* TASK DETAILS *
Return the entries exactly as they appear.

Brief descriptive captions

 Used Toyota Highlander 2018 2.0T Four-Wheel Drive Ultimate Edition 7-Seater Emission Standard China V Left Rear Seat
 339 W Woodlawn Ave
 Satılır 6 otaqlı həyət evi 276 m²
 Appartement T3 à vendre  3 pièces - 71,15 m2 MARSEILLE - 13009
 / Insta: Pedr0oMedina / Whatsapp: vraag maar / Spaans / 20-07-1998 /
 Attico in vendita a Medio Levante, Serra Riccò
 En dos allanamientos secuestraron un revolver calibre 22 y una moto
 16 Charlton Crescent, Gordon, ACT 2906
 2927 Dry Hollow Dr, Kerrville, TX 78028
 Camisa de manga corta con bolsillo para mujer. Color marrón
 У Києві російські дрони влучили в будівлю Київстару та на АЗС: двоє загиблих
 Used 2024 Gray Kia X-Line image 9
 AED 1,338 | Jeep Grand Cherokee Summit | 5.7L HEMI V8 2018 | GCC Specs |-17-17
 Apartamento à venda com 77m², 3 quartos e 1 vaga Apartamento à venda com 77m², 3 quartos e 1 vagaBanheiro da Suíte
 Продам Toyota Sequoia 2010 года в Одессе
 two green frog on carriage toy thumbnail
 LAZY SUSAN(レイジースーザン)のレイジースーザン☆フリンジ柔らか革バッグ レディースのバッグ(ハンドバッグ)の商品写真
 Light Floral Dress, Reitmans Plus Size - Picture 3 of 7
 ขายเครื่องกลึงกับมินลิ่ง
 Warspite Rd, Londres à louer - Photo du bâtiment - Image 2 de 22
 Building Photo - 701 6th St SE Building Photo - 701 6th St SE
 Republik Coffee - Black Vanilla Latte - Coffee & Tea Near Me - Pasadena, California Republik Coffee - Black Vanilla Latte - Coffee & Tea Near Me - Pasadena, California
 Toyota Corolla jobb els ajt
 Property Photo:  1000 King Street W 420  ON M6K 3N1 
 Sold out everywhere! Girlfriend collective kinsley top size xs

* PROBLEM SOLUTION *
 Used Toyota Highlander 2018 2.0T Four-Wheel Drive Ultimate Edition 7-Seater Emission Standard China V Left Rear Seat
 339 W Woodlawn Ave
 Satılır 6 otaqlı həyət evi 276 m²
 Appartement T3 à vendre  3 pièces - 71,15 m2 MARSEILLE - 13009
 / Insta: Pedr0oMedina / Whatsapp: vraag maar / Spaans / 20-07-1998 /
 Attico in vendita a Medio Levante, Serra Riccò
 En dos allanamientos secuestraron un revolver calibre 22 y una moto
 16 Charlton Crescent, Gordon, ACT 2906
 2927 Dry Hollow Dr, Kerrville, TX 78028
 Camisa de manga corta con bolsillo para mujer. Color marrón
 У Києві російські дрони влучили в будівлю Київстару та на АЗС: двоє загиблих
 Used 2024 Gray Kia X-Line image 9
 AED 1,338 | Jeep Grand Cherokee Summit | 5.7L HEMI V8 2018 | GCC Specs |-17-17
 Apartamento à venda com 77m², 3 quartos e 1 vaga Apartamento à venda com 77m², 3 quartos e 1 vagaBanheiro da Suíte
 Продам Toyota Sequoia 2010 года в Одессе
 two green frog on carriage toy thumbnail
 LAZY SUSAN(レイジースーザン)のレイジースーザン☆フリンジ柔らか革バッグ レディースのバッグ(ハンドバッグ)の商品写真
 Light Floral Dress, Reitmans Plus Size - Picture 3 of 7
 ขายเครื่องกลึงกับมินลิ่ง
 Warspite Rd, Londres à louer - Photo du bâtiment - Image 2 de 22
 Building Photo - 701 6th St SE Building Photo - 701 6th St SE
 Republik Coffee - Black Vanilla Latte - Coffee & Tea Near Me - Pasadena, California Republik Coffee - Black Vanilla Latte - Coffee & Tea Near Me - Pasadena, California
 Toyota Corolla jobb els ajt
 Property Photo:  1000 King Street W 420  ON M6K 3N1 
 Sold out everywhere! Girlfriend collective kinsley top size xs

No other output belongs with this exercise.